A self-contained mobile repair unit for repairing wells includes the hydraulic and pneumatic tooling required to do a variety of jobs including the installation and removal of an inner pipe string, sucker rods and pump. The repair unit, hydraulic tooling and pneumatic tooling share a common engine and a common process monitor. An extendible derrick supporting a hoist is pivotally coupled to the frame of the repair unit. Access to data gathered by the monitor is restricted at the job site itself. Instead, the data is transmitted to a remote home base for the purpose of monitoring operations from a central location.

Description

METHOD OF DETERMINING A CROSS-LOAD ON A
MOBILE REPAIR UNIT FOR A WELL

This application is a divisional application of Canadian Patent File No. 2,238,998 filed May 28, 1998.
Background Of The Invention Field Of The Invention The subject invention generally pertains to equipment used for repairing wells that have already been drilled, and more specifically pertains to mobile repair units that frequently travel from one site to another.
Description Of Related Art After an oil rig drills a well and installs the well casing, the rig is dismantled and removed from the site. From that point on, a mobile repair unit is typically used to service the well. Servicing includes installing and removing inner tubing strings, sucker rods, and pumps. The variety of work requires a myriad of tools. When the tooling is not closely associated with the mobile repair unit, the right equipment may not be available when needed.
Moreover, the work is carried out by a company that typically owns and operates several mobile repair units. The units are often operating at the same time at various remote sites.

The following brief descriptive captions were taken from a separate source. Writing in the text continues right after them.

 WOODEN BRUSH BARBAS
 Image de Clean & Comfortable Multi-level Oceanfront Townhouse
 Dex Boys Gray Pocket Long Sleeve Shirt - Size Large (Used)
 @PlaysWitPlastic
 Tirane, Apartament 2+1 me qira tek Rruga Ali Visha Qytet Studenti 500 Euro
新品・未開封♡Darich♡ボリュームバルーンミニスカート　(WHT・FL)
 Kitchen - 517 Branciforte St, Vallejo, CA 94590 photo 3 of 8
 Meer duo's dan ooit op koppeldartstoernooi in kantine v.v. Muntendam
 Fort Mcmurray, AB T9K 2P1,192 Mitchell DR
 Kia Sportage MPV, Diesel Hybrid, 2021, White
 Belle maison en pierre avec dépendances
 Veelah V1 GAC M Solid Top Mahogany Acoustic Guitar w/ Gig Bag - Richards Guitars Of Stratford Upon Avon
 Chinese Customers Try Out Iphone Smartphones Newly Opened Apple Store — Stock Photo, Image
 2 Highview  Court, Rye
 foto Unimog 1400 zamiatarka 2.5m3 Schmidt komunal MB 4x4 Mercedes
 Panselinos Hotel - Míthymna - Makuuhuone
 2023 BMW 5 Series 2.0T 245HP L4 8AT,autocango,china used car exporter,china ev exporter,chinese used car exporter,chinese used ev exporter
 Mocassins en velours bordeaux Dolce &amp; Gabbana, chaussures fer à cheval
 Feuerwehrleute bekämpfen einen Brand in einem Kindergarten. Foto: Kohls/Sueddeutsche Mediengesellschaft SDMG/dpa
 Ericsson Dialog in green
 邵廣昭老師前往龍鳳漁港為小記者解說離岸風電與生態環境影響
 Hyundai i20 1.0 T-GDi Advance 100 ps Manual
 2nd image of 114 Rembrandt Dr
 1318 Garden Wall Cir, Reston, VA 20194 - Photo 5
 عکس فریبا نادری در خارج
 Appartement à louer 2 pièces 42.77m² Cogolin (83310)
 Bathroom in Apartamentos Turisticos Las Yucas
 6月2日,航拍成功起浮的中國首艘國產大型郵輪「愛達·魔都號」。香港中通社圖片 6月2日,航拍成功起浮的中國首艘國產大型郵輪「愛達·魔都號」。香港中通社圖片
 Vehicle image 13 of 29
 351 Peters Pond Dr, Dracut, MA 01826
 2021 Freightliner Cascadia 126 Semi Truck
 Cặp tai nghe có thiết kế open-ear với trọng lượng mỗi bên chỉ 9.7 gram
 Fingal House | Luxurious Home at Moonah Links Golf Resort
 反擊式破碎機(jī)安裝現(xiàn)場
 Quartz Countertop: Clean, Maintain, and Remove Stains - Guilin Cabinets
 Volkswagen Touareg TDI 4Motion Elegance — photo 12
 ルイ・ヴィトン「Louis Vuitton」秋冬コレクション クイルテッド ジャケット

Some sites may be separated by hundreds of miles.
This makes it difficult to stay abreast of the status at each of the sites.
Typically, a supervisor will travel from site to site. However, this is inefficient and often critical steps of an operation get carried out unsupervised. At times, accidents occur in the absence of an unbiased witness.
Svmmarv of the Invention To avoid the problems of today's mobile repair units, a first aspect of the invention is to closely associate hydraulic and pneumatic systems with a mobile repair unit by having them share a common power supply and monitoring system.
A second aspect of the invention is to provide a remotely accessible mobile repair unit with the necessary equipment to make it universally adaptable to do a variety of work such as removing and installing an inner tubing string, sucker rods, and pumps.
A third aspect is to provide a mobile repair unit that senses and transmits, to a remote home base, data that identifies the extent to which an inner tubing string was stretched prior to flooding the well bore with fluid.
A fourth aspect is to identify from a remote location key events, such as the time of transition of installing steel sucker rods to installing fiberglass ones.
A fifth aspect is to restrict local operator access to a system that monitors the operation of a mobile repair unit so an unbiased and unaltered record can be recorded and maintained of the complete system and activity of the mobile repair unit.
A sixth aspect is to convey to a remote location a record that helps explain events that led to an accident at the work site. When the information is conveyed to a remote site, it is not likely to be destroyed by the accident itself, such as a fire.
A seventh aspect is to remotely identify an imbalance of a mobile repair unit caused by wind or leaning inner tubing segments against its derrick.
An eighth aspect is to remotely distinguish between the raising and lowering of an inner tubing string to help establish the cause of an accident. An added benefit is to be able to place the proper predetermined tension on a packer or tubing another being set.
A ninth aspect is to enable one to remotely identify when a mobile repair unit is operating for the purpose of determining the amounts to be invoiced for the work performed.
A tenth aspect is to provide a method of alerting a home base of a hazardous level of hydrogen sulfide gas present at a remote work site.
These and other aspects of the invention are provided by a self-contained mobile repair unit having a universal set of hydraulic and pneumatic tooling for servicing well equipment such as an inner pipe string, a sucker rod and a pump. The repair unit and tooling share a common engine.
An extendible derrick supporting a hoist is pivotally coupled to the frame of the repair unit. A monitor senses the load on the derrick and conveys that information to a remote home base where the time of critical events is identified.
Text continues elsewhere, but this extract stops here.